Problem to solve:
Images stay out; everything else in the records is to be set down exactly.

Recorded data:
'''
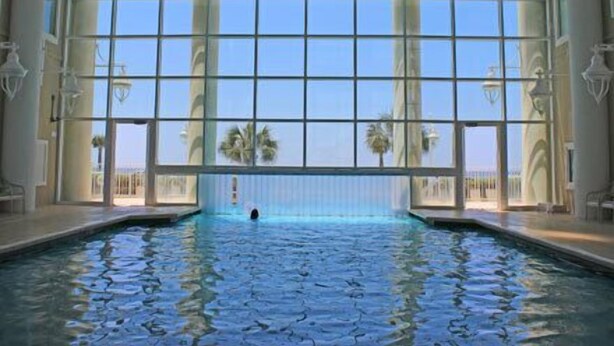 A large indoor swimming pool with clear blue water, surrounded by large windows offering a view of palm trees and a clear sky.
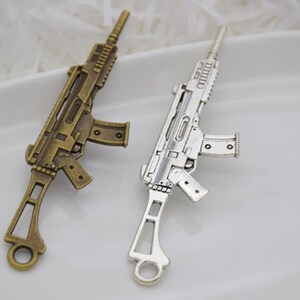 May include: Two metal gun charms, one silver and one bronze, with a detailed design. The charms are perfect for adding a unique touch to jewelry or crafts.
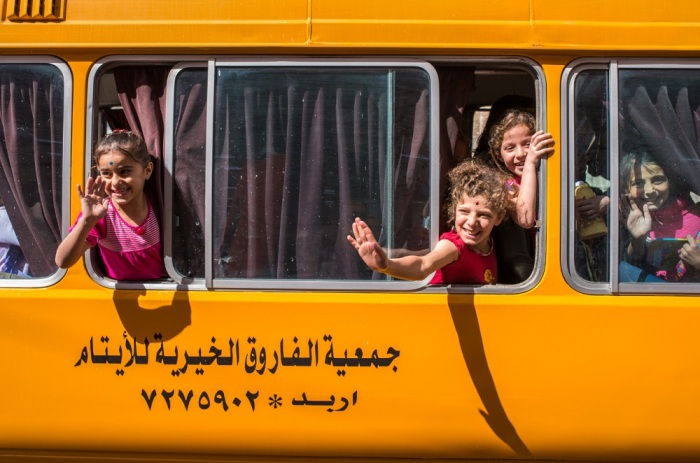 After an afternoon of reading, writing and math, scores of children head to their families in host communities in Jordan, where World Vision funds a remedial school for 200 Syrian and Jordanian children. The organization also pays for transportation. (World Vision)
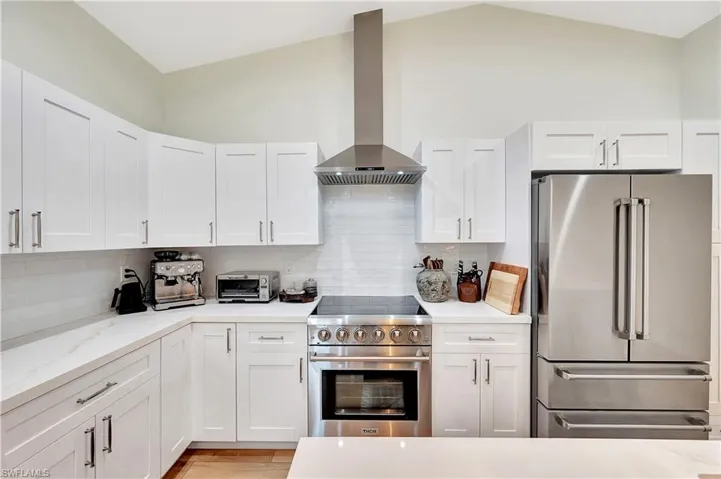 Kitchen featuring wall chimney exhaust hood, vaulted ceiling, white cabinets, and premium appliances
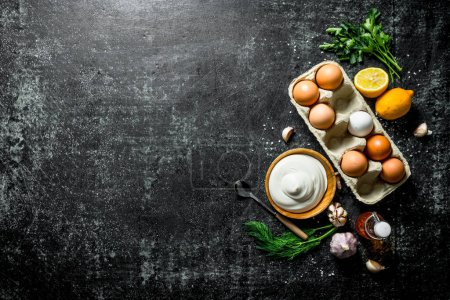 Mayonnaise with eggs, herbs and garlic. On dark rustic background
'''
Written reply:
 A large indoor swimming pool with clear blue water, surrounded by large windows offering a view of palm trees and a clear sky.
 May include: Two metal gun charms, one silver and one bronze, with a detailed design. The charms are perfect for adding a unique touch to jewelry or crafts.
 After an afternoon of reading, writing and math, scores of children head to their families in host communities in Jordan, where World Vision funds a remedial school for 200 Syrian and Jordanian children. The organization also pays for transportation. (World Vision)
 Kitchen featuring wall chimney exhaust hood, vaulted ceiling, white cabinets, and premium appliances
 Mayonnaise with eggs, herbs and garlic. On dark rustic background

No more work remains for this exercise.